Important

You are viewing the NeMo 2.0 documentation. This release introduces significant changes to the API and a new library, NeMo Run. We are currently porting all features from NeMo 1.0 to 2.0. For documentation on previous versions or features not yet available in 2.0, please refer to the NeMo 24.07 documentation.

Ramp Up Batch Size#

Ramp up batch size is a feature that allows training to start with a smaller global batch size and linearly increase to a target global batch size over a given number of training samples with specified incremental steps.

Usage#

To enable global batch size rampup during training, set the rampup_batch_size parameter under the model section of training configuration. This parameter should be a list of three values:

  • start_batch_size: The initial batch size.

  • batch_size_increment: The amount by which the batch size will increase at each step.

  • rampup_samples: The number of training samples over which the batch size will be ramped up.

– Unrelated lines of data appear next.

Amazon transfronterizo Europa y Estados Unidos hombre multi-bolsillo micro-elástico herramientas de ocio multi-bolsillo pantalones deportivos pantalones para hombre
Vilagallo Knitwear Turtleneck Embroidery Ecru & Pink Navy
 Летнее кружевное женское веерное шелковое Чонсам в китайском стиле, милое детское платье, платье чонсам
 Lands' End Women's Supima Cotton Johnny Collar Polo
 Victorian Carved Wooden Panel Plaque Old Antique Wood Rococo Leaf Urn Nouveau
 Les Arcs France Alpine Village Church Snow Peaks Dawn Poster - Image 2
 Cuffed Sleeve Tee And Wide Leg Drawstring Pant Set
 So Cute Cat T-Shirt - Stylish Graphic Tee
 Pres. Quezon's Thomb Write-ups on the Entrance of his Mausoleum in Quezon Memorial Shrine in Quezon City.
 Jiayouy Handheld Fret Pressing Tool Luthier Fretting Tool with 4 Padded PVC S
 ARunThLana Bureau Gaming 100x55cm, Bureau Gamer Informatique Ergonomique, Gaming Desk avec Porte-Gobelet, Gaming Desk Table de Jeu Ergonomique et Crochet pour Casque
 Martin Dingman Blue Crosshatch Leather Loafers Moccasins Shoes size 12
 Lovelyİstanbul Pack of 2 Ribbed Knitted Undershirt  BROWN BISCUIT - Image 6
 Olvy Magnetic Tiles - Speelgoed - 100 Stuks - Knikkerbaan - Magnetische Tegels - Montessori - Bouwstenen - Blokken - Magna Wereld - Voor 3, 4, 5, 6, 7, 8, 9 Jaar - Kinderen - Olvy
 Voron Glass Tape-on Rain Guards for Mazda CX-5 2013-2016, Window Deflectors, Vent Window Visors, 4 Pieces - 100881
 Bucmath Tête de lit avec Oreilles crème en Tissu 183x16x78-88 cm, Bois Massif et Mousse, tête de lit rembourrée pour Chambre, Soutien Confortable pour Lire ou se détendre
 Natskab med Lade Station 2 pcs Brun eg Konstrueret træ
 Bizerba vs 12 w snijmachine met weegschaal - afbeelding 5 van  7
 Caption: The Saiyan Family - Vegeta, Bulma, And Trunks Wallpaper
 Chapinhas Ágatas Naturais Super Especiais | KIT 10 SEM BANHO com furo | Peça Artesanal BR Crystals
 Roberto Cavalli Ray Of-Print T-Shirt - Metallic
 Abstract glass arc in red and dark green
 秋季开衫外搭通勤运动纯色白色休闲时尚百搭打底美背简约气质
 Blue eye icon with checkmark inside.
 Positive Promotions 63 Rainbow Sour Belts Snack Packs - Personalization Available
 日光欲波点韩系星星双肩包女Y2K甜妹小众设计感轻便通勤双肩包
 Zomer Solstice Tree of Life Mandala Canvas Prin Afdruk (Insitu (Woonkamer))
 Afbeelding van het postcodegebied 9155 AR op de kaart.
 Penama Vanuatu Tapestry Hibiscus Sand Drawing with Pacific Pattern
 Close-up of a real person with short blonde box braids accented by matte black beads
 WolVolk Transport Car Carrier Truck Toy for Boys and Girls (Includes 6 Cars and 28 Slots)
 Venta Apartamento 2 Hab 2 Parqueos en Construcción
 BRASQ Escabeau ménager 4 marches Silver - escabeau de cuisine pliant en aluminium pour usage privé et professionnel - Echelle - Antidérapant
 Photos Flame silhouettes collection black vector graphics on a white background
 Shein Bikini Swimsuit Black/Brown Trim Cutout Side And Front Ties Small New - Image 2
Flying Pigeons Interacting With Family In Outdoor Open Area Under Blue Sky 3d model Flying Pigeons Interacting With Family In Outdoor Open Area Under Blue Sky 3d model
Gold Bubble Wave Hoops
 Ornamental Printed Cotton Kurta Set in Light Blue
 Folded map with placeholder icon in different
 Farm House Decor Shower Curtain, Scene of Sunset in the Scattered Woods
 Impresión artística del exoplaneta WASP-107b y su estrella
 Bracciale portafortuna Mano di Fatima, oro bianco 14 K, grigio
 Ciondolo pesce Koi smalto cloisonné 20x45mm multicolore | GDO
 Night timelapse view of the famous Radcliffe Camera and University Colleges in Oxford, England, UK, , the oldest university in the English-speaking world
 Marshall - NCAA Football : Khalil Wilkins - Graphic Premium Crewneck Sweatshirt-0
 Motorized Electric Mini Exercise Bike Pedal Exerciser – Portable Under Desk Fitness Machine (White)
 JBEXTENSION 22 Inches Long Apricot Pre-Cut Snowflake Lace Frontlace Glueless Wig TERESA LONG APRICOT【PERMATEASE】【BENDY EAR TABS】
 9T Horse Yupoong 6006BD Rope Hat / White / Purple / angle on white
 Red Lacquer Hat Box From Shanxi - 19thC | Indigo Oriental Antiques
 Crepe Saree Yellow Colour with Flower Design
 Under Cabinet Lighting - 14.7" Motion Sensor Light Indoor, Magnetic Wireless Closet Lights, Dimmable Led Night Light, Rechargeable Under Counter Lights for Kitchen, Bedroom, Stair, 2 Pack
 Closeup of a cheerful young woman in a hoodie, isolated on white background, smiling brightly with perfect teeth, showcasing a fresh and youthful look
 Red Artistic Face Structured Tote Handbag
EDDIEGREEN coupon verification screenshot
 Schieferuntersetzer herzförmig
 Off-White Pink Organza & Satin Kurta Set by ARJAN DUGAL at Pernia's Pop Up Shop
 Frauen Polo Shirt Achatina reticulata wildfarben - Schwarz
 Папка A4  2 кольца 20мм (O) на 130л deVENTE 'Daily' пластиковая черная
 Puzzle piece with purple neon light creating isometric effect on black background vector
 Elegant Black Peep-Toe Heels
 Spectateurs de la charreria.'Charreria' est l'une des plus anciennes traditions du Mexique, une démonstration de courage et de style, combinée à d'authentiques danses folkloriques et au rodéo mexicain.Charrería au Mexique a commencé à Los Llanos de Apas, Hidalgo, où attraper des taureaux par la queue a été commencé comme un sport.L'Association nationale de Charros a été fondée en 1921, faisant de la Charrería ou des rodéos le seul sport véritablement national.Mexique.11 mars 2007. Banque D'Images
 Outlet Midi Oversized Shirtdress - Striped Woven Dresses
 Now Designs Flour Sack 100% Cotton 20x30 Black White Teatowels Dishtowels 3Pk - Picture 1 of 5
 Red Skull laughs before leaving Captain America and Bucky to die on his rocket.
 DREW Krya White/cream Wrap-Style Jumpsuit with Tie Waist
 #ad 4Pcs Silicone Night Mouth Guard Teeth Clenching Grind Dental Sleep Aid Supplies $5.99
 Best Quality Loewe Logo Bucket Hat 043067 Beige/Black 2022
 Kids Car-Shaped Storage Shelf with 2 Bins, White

model.global_batch_size=1024 model.rampup_batch_size=[256, 128, 50000000]

In this example, the training will start with a batch size of 256, increment by 128, and reach the target global batch size of 1024 over 50,000,000 training samples.

Ramp Up Stages and Training Interruption#

Once the next rampup stage is reached (the point in training when the global batch size increases), NeMo will stop the training. It allows to rerun the training job with a larger number of GPUs or nodes for the next stage of ramp up batch size.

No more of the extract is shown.